# MATERIALS PROVIDED:
——

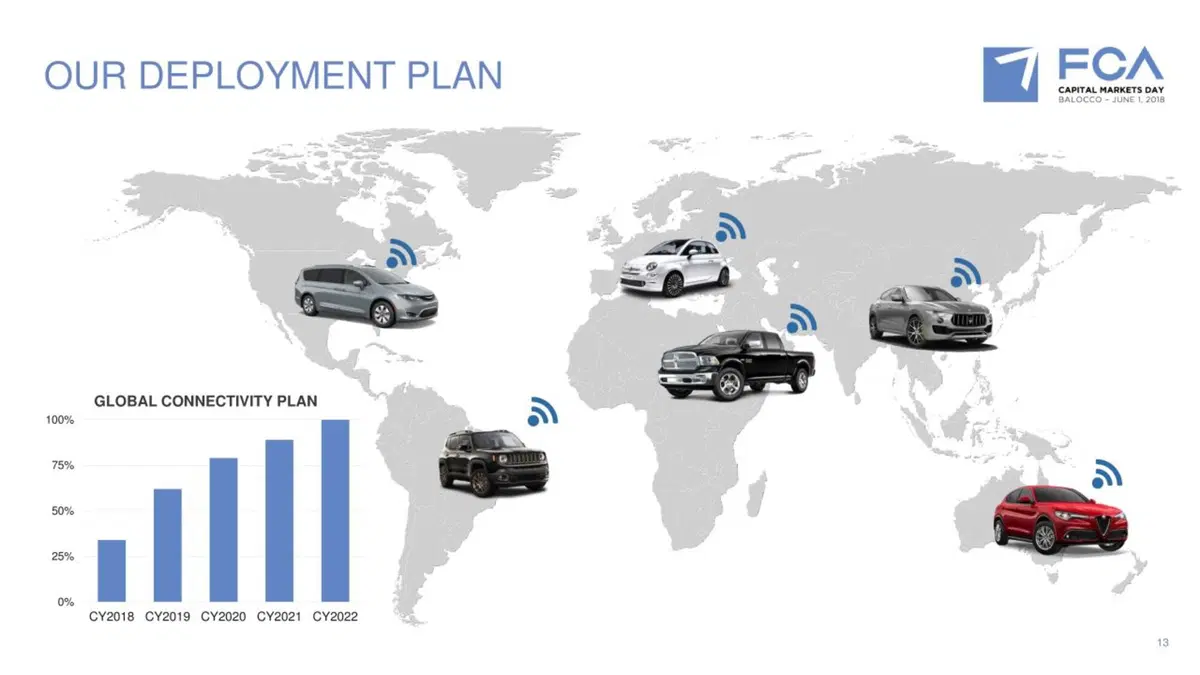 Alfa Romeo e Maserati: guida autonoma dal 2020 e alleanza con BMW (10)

——

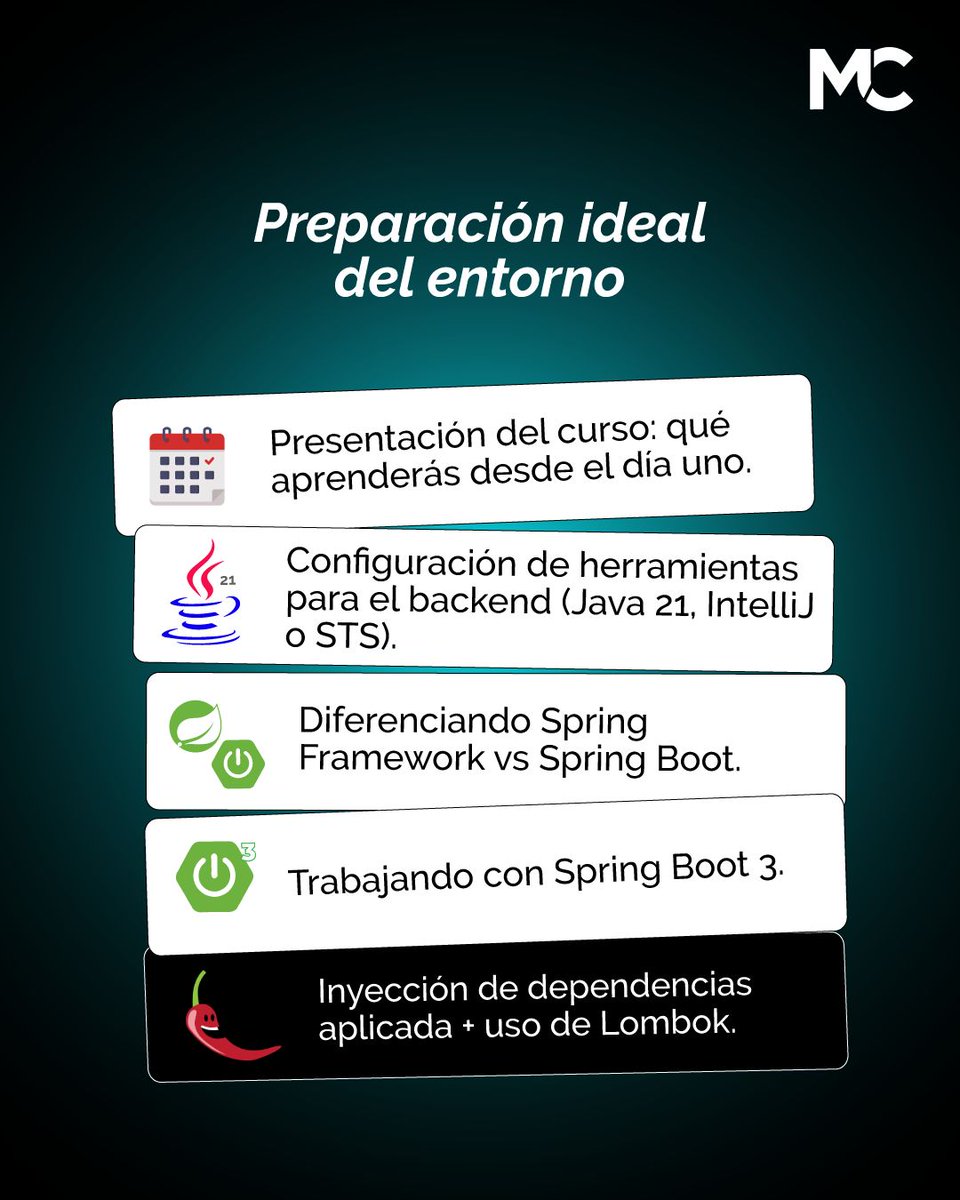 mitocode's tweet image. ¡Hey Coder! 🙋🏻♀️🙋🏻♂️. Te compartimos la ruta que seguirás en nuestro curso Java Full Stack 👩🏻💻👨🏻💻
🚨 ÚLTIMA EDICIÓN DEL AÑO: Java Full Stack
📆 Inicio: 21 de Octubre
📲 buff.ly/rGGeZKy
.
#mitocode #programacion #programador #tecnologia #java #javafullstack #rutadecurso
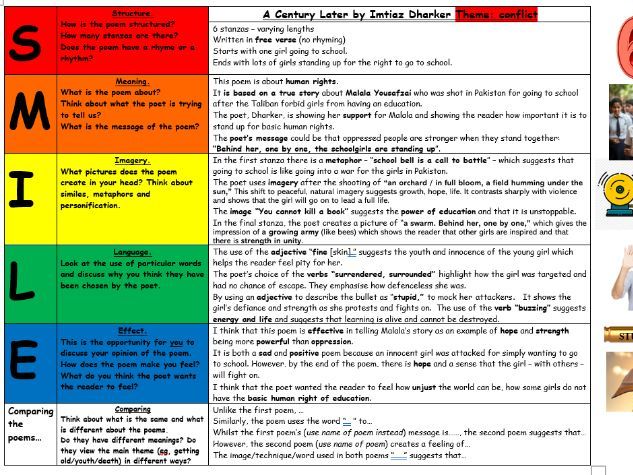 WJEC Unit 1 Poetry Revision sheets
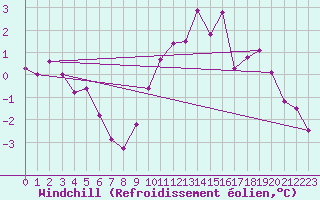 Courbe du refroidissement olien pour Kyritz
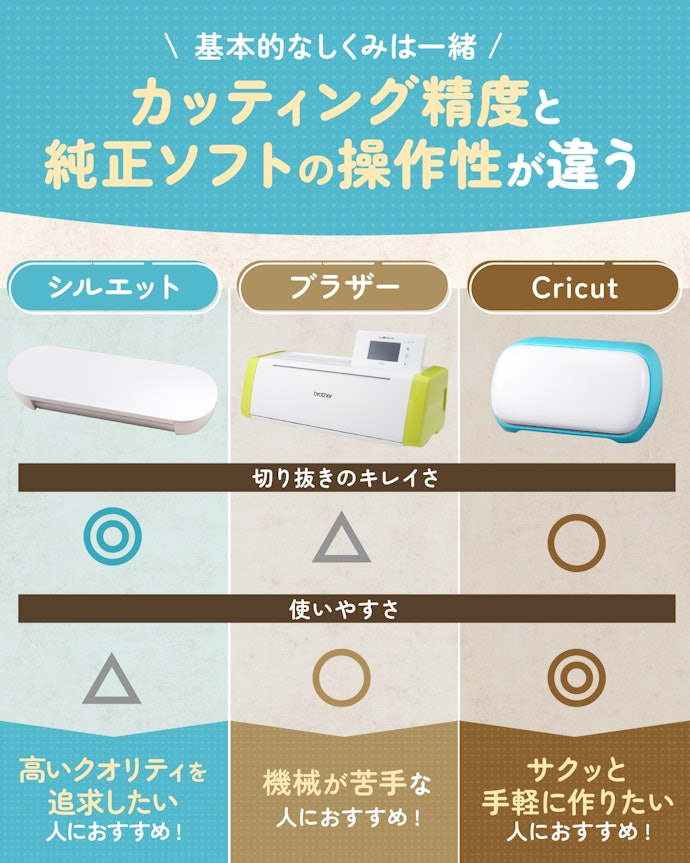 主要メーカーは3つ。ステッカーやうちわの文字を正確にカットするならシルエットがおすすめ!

——

# EXERCISE DETAILS:
Please copy the lines above exactly, starting at the line that holds "AÑO: Java Full Stack" and ending at the line that holds "主要メーカーは3つ。ステッカ"; include both, but no pictures.

# RESPONSE:
🚨 ÚLTIMA EDICIÓN DEL AÑO: Java Full Stack
📆 Inicio: 21 de Octubre
📲 buff.ly/rGGeZKy
.
#mitocode #programacion #programador #tecnologia #java #javafullstack #rutadecurso
 WJEC Unit 1 Poetry Revision sheets
 Courbe du refroidissement olien pour Kyritz
 主要メーカーは3つ。ステッカーやうちわの文字を正確にカットするならシルエットがおすすめ!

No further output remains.